[Records from a data collection]

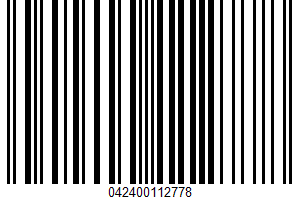 Cereal UPC Bar Code UPC: 042400112778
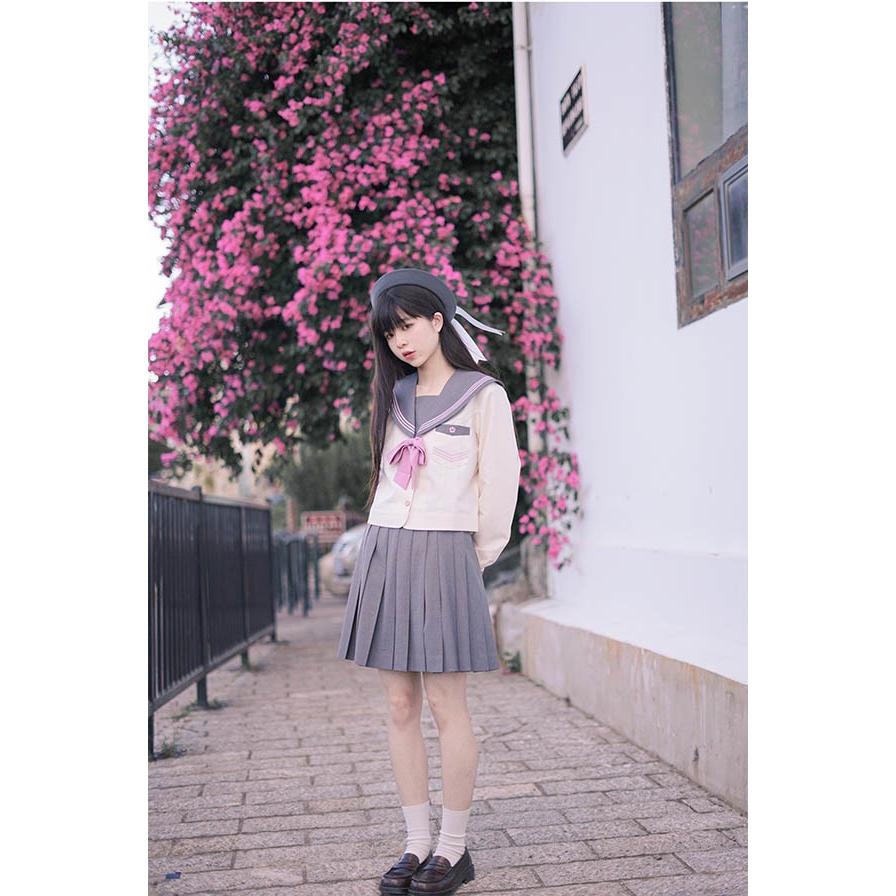 セーラー服 卒業式 女の子 制服 学生制服 5点セット 長袖 女子高生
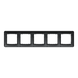 Рамка 5-постовая Черный Sedna Design Schneider Electric SDD314805, Черный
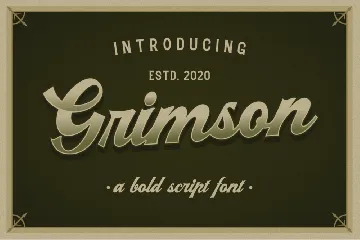 Grimson Vintage Script Bold font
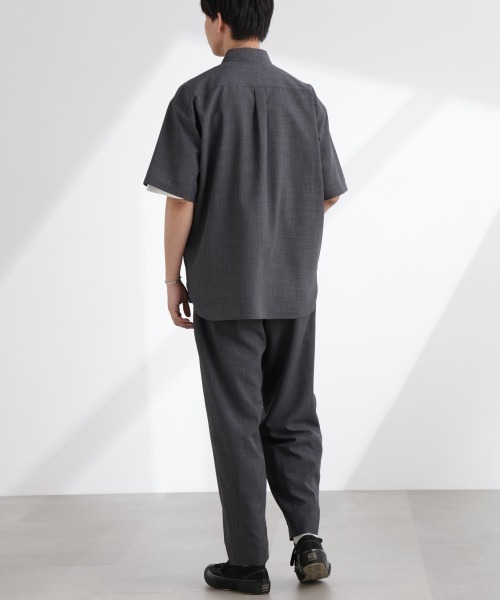 NANO universe(ナノユニバース)の「ライトウェイトドライパンツ(セットアップ可)(その他パンツ・メンズ・グレー/ネイビー/ライトグレー・XL/S/L/M)」の15枚目の写真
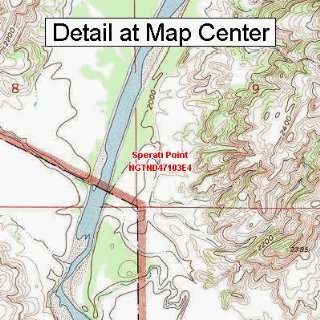  USGS Topographic Quadrangle Map   Sperati Point, North 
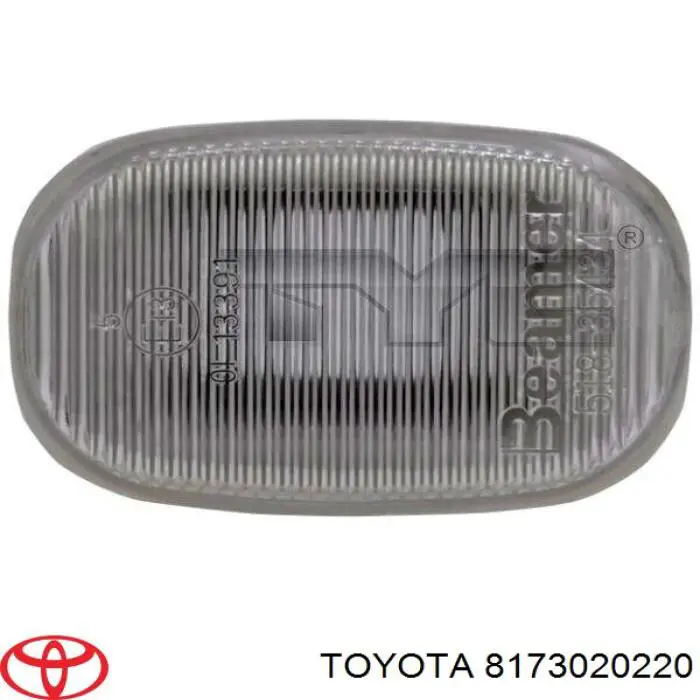 Powtarzacz kierunkowskazu na błotniku Toyota 8173020220 cena, od 8,89 USD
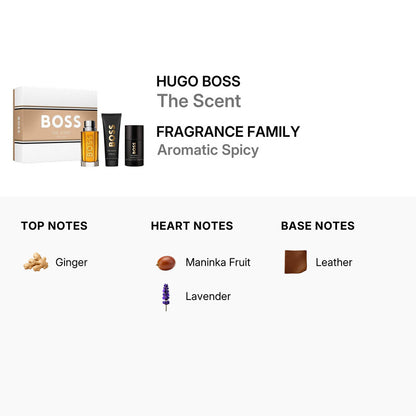 BOSS The Scent  for men, 100ml, edt + Gel de Ducha 100ml + Desodorante 75ml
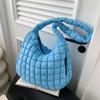 Bolsa de tecido de grande capacidade para axilas estilo coreano, nova chegada feminina 2024, bolsa tote simples e elegante, bolsa de ombro combinando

WORK INSTRUCTIONS: Reproduce all entries above exactly, minus the images.

PROBLEM SOLUTION:
 Cereal UPC Bar Code UPC: 042400112778
 セーラー服 卒業式 女の子 制服 学生制服 5点セット 長袖 女子高生
 Рамка 5-постовая Черный Sedna Design Schneider Electric SDD314805, Черный
 Grimson Vintage Script Bold font
 NANO universe(ナノユニバース)の「ライトウェイトドライパンツ(セットアップ可)(その他パンツ・メンズ・グレー/ネイビー/ライトグレー・XL/S/L/M)」の15枚目の写真
  USGS Topographic Quadrangle Map   Sperati Point, North 
 Powtarzacz kierunkowskazu na błotniku Toyota 8173020220 cena, od 8,89 USD
 BOSS The Scent  for men, 100ml, edt + Gel de Ducha 100ml + Desodorante 75ml
 Bolsa de tecido de grande capacidade para axilas estilo coreano, nova chegada feminina 2024, bolsa tote simples e elegante, bolsa de ombro combinando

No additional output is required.